(The input begins)

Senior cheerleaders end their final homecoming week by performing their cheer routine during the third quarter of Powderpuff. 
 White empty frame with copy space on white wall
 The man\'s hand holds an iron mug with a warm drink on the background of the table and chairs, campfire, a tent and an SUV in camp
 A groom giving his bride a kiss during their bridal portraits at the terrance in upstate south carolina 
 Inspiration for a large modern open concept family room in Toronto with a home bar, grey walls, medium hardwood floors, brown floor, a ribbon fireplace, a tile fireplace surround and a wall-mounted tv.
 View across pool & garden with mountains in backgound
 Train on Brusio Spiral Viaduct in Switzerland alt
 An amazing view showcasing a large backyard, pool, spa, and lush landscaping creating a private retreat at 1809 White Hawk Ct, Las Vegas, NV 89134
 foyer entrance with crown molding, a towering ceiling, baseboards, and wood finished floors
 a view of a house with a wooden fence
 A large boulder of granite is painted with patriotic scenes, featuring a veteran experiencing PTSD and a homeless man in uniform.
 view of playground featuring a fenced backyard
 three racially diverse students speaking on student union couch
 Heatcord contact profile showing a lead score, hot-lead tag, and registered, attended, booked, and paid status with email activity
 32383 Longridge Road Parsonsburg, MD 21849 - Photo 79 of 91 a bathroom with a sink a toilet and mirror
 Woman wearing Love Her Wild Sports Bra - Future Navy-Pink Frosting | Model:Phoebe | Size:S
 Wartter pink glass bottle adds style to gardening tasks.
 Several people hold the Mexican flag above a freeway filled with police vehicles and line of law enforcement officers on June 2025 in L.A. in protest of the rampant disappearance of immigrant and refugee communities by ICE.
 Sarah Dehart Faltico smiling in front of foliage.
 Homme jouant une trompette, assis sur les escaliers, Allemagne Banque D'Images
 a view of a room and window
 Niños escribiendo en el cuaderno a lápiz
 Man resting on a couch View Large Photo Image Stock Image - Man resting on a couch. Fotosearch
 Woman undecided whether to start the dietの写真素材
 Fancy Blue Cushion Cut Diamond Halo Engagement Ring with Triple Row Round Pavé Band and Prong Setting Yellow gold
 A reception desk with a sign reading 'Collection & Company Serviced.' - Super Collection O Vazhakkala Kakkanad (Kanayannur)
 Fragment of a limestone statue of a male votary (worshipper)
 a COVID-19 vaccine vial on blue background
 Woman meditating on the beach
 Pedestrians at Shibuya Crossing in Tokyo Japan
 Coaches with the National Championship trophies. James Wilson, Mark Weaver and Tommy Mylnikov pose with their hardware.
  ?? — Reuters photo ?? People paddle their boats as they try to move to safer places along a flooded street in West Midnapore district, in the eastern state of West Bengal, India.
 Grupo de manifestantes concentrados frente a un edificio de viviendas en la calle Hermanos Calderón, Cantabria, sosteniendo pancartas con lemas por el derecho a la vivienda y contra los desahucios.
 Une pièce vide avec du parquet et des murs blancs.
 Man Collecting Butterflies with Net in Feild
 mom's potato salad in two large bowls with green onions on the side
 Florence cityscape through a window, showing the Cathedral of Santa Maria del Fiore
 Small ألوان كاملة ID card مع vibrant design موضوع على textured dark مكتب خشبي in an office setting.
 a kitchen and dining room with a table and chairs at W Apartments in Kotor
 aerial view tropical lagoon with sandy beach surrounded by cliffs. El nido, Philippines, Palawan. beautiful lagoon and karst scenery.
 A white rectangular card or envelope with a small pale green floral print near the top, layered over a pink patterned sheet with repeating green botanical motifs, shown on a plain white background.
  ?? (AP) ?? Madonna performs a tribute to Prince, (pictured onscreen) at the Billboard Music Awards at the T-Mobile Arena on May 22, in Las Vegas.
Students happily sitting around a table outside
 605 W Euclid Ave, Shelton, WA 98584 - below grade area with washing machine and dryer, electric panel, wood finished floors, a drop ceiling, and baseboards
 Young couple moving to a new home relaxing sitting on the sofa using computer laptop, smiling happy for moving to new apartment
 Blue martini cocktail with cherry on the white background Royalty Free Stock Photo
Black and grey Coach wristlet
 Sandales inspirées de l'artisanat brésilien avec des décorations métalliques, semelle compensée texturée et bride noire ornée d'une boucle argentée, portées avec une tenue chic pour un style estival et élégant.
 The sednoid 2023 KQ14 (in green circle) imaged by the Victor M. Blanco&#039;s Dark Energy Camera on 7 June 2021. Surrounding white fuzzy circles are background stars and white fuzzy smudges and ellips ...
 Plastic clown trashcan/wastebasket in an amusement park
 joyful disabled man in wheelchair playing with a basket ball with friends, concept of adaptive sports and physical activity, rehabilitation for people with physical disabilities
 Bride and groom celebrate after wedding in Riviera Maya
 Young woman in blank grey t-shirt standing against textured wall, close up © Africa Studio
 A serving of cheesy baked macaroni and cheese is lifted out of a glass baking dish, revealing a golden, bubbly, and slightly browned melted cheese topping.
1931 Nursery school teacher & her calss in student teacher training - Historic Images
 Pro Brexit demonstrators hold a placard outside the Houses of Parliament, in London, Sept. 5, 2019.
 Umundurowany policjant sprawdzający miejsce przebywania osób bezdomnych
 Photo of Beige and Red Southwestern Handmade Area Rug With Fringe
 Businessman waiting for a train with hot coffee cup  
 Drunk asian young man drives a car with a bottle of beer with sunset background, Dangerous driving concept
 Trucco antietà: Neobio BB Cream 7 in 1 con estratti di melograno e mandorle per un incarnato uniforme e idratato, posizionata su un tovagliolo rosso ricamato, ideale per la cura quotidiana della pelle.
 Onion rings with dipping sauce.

(The input ends)

• Task to complete
Scan the data above line by line. Please say how many lines hold the word "smiling", and give only that number.

• Result of the exercise
2